(Web page caption snippets)
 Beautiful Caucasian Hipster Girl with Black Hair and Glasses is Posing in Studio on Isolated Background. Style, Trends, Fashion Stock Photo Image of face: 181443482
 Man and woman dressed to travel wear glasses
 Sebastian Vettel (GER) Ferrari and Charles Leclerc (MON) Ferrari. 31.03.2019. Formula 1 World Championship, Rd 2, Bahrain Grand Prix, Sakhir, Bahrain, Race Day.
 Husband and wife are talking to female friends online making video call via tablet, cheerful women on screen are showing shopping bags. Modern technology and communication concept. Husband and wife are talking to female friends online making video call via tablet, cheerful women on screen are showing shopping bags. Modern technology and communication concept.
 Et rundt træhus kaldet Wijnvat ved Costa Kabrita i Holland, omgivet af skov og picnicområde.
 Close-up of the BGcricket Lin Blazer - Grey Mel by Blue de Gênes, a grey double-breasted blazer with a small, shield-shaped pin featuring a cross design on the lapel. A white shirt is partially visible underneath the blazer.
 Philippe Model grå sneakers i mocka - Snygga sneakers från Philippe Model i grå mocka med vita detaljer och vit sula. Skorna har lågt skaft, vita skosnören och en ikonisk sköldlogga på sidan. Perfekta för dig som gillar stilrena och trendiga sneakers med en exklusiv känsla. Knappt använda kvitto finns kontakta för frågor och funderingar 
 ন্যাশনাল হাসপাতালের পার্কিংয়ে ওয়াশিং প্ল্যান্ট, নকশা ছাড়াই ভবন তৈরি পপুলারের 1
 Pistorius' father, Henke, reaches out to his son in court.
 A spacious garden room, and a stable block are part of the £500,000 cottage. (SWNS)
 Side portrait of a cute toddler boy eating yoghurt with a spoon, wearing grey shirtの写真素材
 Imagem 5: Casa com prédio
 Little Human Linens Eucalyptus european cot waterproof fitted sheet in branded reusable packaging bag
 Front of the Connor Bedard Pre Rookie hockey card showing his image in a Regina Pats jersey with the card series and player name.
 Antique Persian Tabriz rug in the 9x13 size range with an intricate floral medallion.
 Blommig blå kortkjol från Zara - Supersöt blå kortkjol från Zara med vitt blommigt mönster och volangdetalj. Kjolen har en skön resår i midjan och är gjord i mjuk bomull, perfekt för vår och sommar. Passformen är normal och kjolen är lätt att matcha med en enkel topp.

§ **ASSIGNMENT**:
The range runs from the line with "Little Human Linens" to the last line of the entries above, both included. Restate it word for word.

§ **OUTPUT OF THE EXERCISE**:
 Little Human Linens Eucalyptus european cot waterproof fitted sheet in branded reusable packaging bag
 Front of the Connor Bedard Pre Rookie hockey card showing his image in a Regina Pats jersey with the card series and player name.
 Antique Persian Tabriz rug in the 9x13 size range with an intricate floral medallion.
 Blommig blå kortkjol från Zara - Supersöt blå kortkjol från Zara med vitt blommigt mönster och volangdetalj. Kjolen har en skön resår i midjan och är gjord i mjuk bomull, perfekt för vår och sommar. Passformen är normal och kjolen är lätt att matcha med en enkel topp.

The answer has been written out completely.